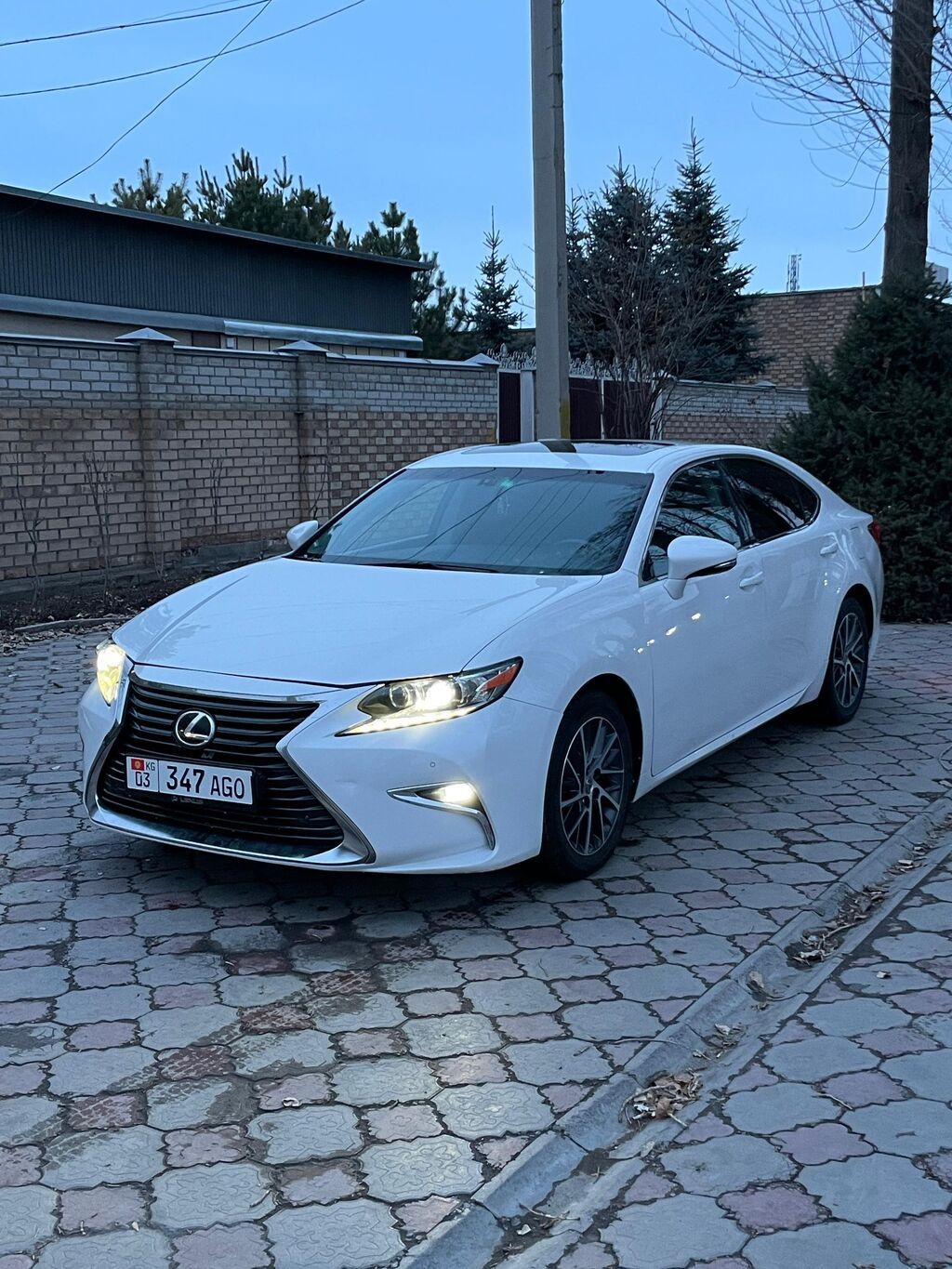 Lexus ES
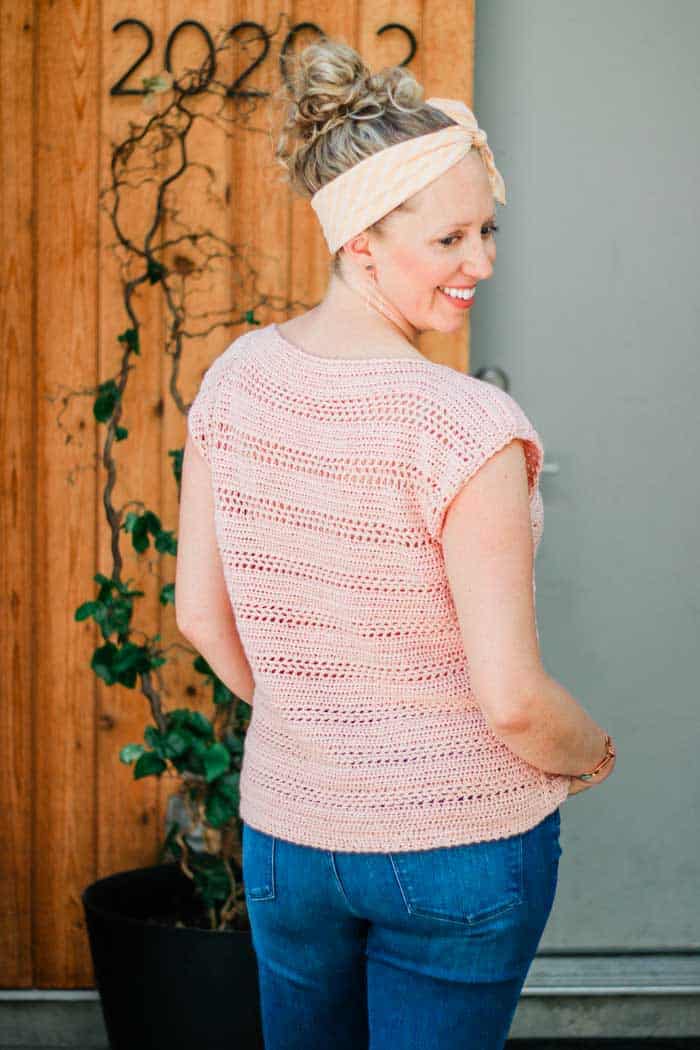 Easy beginner short-sleeved crochet top pattern, perfect for spring and summer. Free pattern featuring Lion Brand Beautiful You.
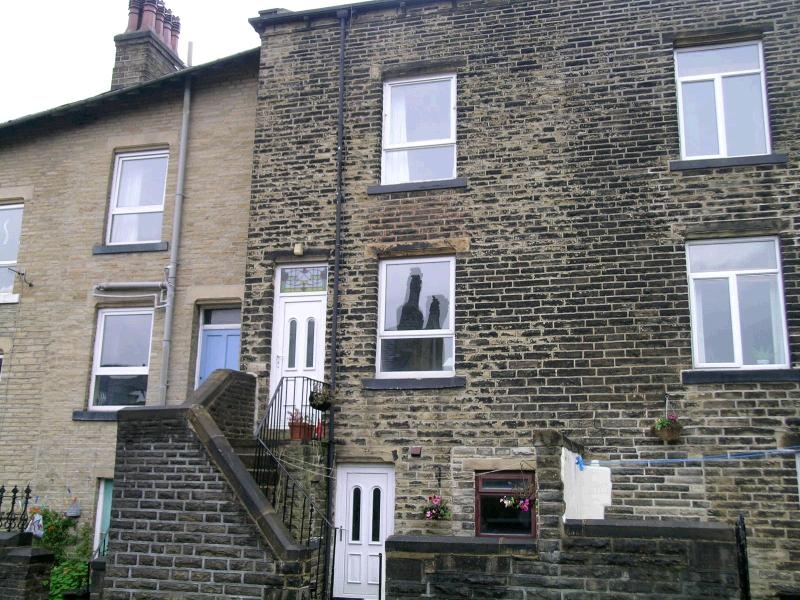 3 bedroom mid terraced house Let in Hebden Bridge - 0.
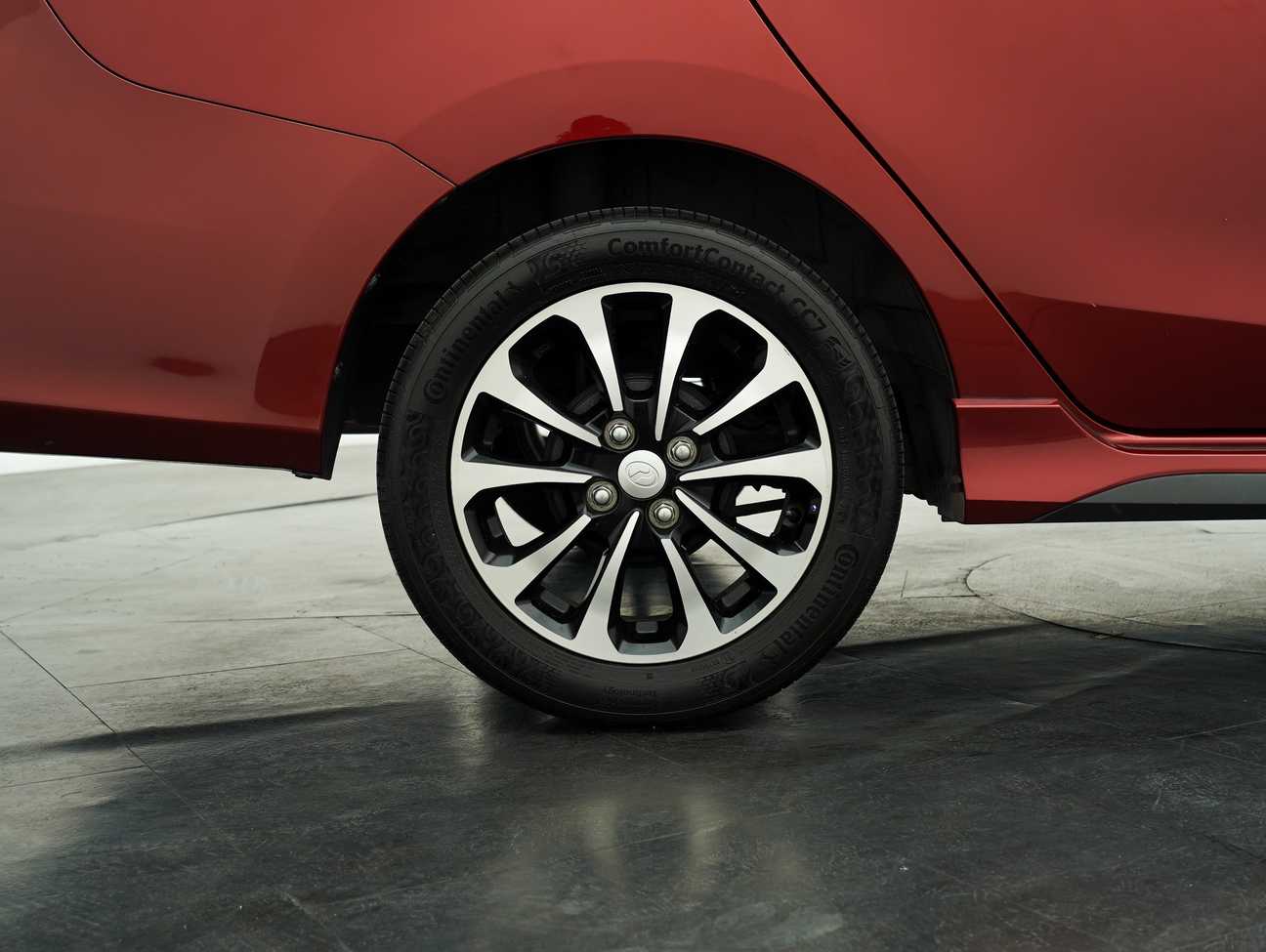terpakai 2020 Perodua Bezza Advance 1.3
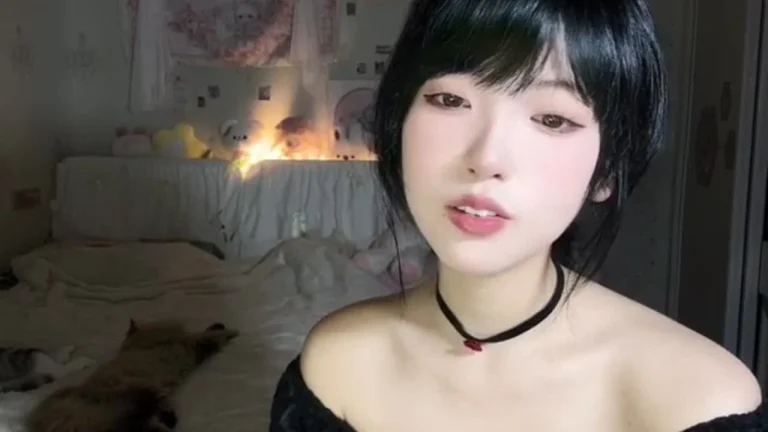 阿艺呀嘿 2025-06-25 22-22-53 缩略图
┄┄┄┄┄┄
Take the entries above and set them down exactly, minus the pictures.

 Lexus ES
 Easy beginner short-sleeved crochet top pattern, perfect for spring and summer. Free pattern featuring Lion Brand Beautiful You.
 3 bedroom mid terraced house Let in Hebden Bridge - 0.
terpakai 2020 Perodua Bezza Advance 1.3
 阿艺呀嘿 2025-06-25 22-22-53 缩略图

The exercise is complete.